With the Affordable Care Act (ACA or Obamacare) now in full effect, employers and their health insurance advisers are adapting to a “new normal.” And while 2014 and 2015 have been the years of new rules and regulations, 2016 will be the year of compliance and reporting.
As employers gear up for the year ahead, here are four Obamacare compliance issues you shouldn’t ignore.
1. Employer Shared Responsibility
The Employer Shared Responsibility provision, also called ESR or the employer mandate, is the requirement for applicable large employers (ALEs) to either offer health insurance to employees, or pay a fee if/when an employee buys subsidized health insurance through the Marketplace.
All employers need to understand:
Does this provision apply to us? (Are we an applicable large employer with 50+ FTEs?)
If we offer coverage, does our health insurance plan satisfy the affordability and coverage requirements?
If we do not offer coverage that satisfies the mandate, what are the fees we could pay?
How does the transition relief impact our coverage requirements and reporting for 2015?
2. Annual Healthcare Reporting
In addition to the Employer Shared Responsibility, ALEs need to understand new healthcare reporting requirements required under health reform law.
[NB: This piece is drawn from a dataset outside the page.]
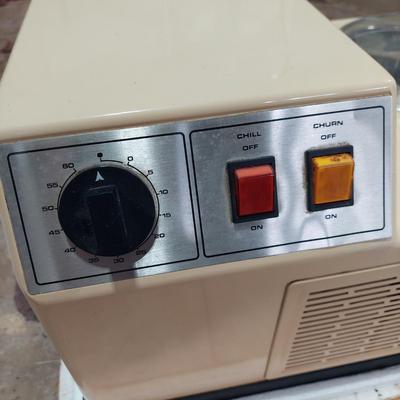 Retro Gelato Maker (G-BBL)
Starting in January 2016, all ALEs are required to submit IRS Form 1095-C and Form 1094-C.
ALEs need to understand the new reporting requirements and be prepared to report on the following information:
Basic employer information.
The months during the calendar year for which healthcare coverage was available.
The number of full-time employees for each month during the calendar year.
Whether you, the employer, offered full-time employees and their dependents the opportunity to enroll in minimum essential coverage under an eligible employer-sponsored plan (by calendar month).
Each full-time employee's share of the lowest-cost monthly premium (self-coverage only) for coverage providing minimum value under an eligible employer-sponsored plan (by calendar month).
The name, address, and taxpayer identification number (TIN) of each full-time employee covered under any such health benefits plans.
For some employers, this information is straight-forward. For others, the reporting requirements are time consuming and complex. To help ease the administrative pain, numerous ACA compliance software platforms have popped up in the market to help employers accurately track, integrate, and report personnel and benefit information required for the new healthcare reporting.
3. Exchange Notice Management
All employers, regardless of size or benefits offered, are required to provide employees notices of coverage available through the public Health Insurance Marketplaces.
All employers should verify they are meeting the Exchange (“Marketplace”) notice requirements, as well as other health plan notice requirements.
4. Benefits Plan Structure
Under the ACA, there are several new rules about benefits plan structure and coverage. Most of the reforms went into effect in 2014 or 2015, but fees for non-compliance are steep.
To ensure compliance, employers offering health benefits should audit their plans annually to ensure compliance with group health plan reforms, such as:
Preventive Care Services Requirements
90 Day Limitation on Waiting Periods
Essential Health Benefit Rules
Health Plan Notice Requirements
Tip - These are just some of the most common health plan reforms. Check with your insurance professional, health benefits company, or ACA compliance software provider for all reforms applicable to your health plans.
As employers prepare for the year of ACA reporting and compliance, Employer Shared Responsibility, healthcare reporting, notice management, and benefit plan structure should be top of mind.